(Saved data entries)
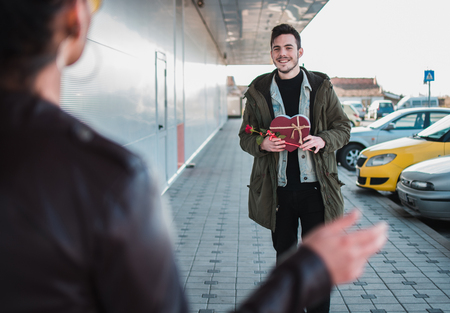 Man gives present to her girlfriend at woman's day.の写真素材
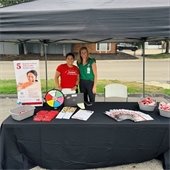 two women and booth at health fair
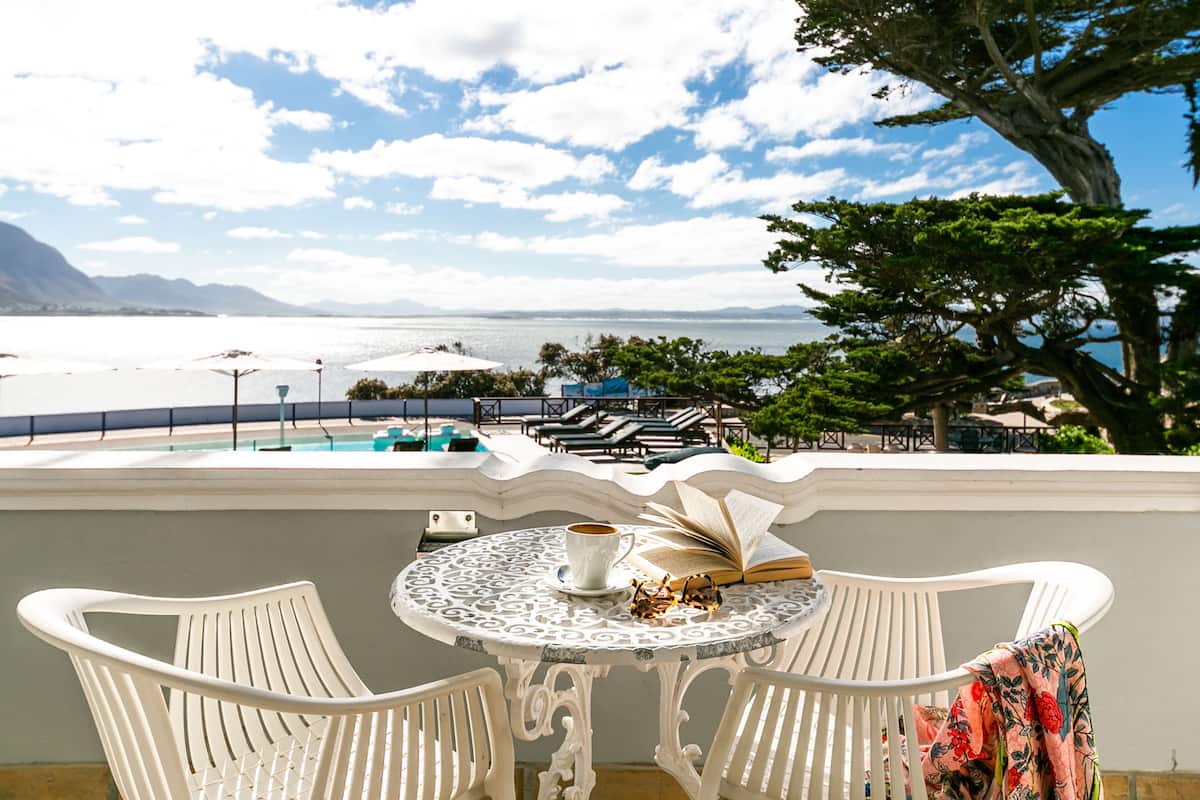 Una terraza con una mesa, sillas y vistas a una piscina y montañas.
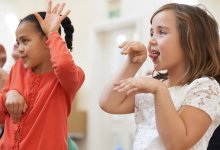 Elementary students acting out a story in class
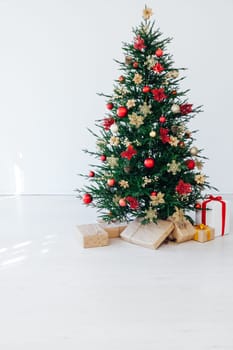 christmas tree with colorful balls and gift boxes over white brick wall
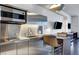 Contemporary kitchen with stainless steel appliances and breakfast bar at 4381 W Flamingo Rd # 3309, Las Vegas, NV 89103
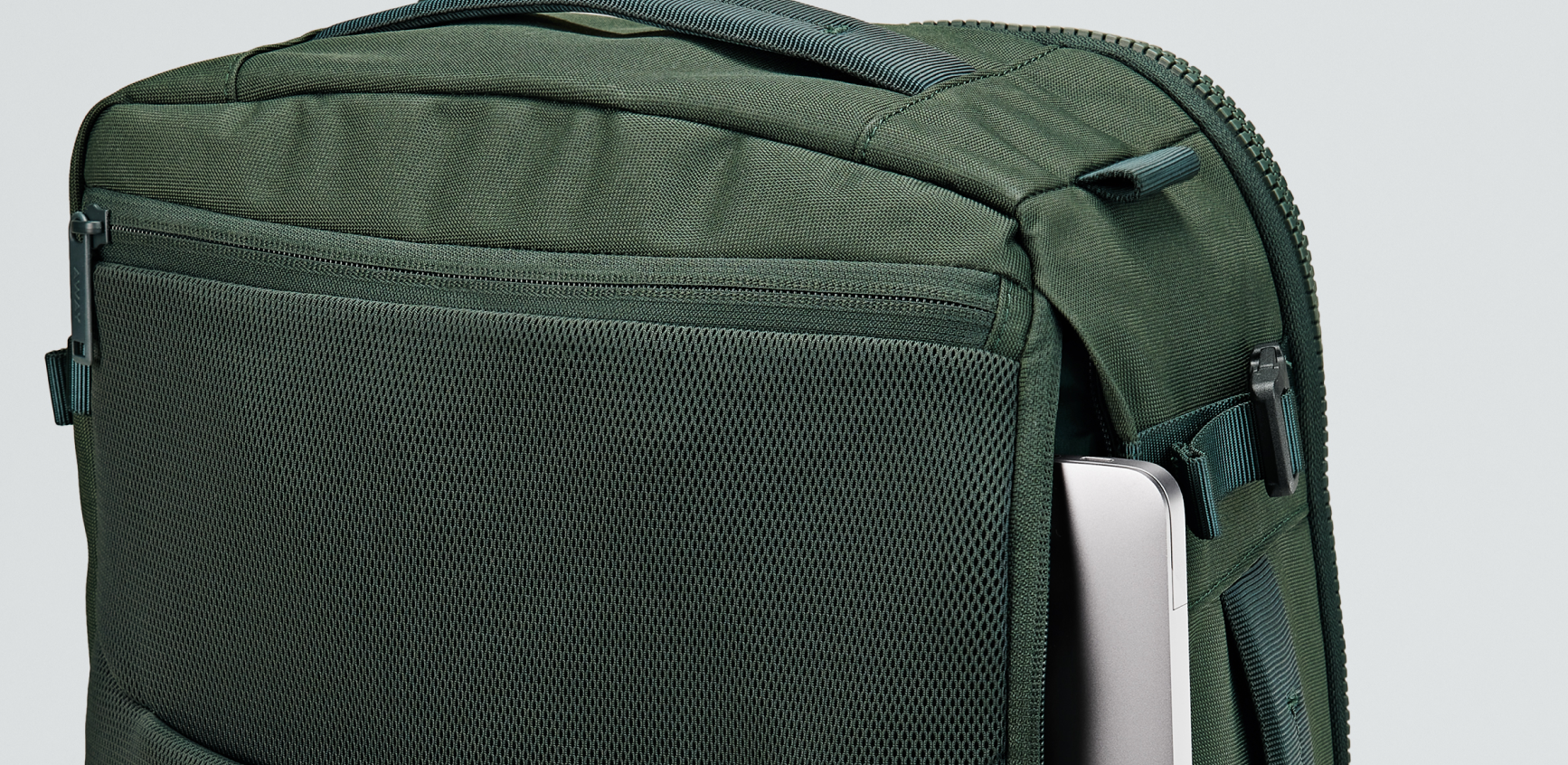 An Away Active convertible backpack close crop of the laptop sleeve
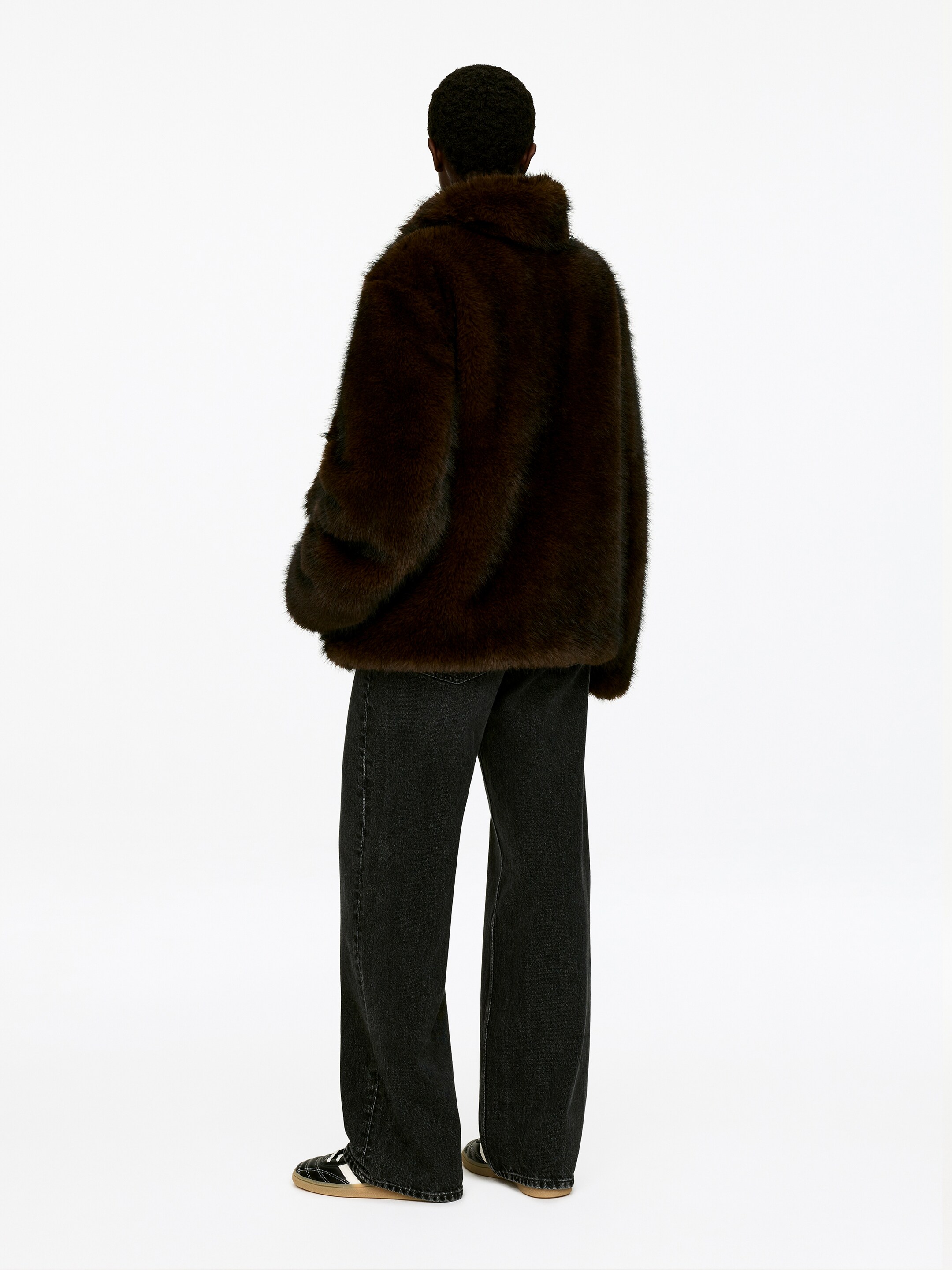Agrandir l'image: Une veste en fausse fourrure brun foncé est montrée de dos. Elle présente un large col moelleux et des manches volumineuses, et recouvre le haut d'un pantalon sombre à jambes larges.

■ **Your assignment**
An exact reproduction of the data is needed, with no pictures included.

■ **Answer below**
 Man gives present to her girlfriend at woman's day.の写真素材
 two women and booth at health fair
 Una terraza con una mesa, sillas y vistas a una piscina y montañas.
 Elementary students acting out a story in class
 christmas tree with colorful balls and gift boxes over white brick wall
 Contemporary kitchen with stainless steel appliances and breakfast bar at 4381 W Flamingo Rd # 3309, Las Vegas, NV 89103
 An Away Active convertible backpack close crop of the laptop sleeve
Agrandir l'image: Une veste en fausse fourrure brun foncé est montrée de dos. Elle présente un large col moelleux et des manches volumineuses, et recouvre le haut d'un pantalon sombre à jambes larges.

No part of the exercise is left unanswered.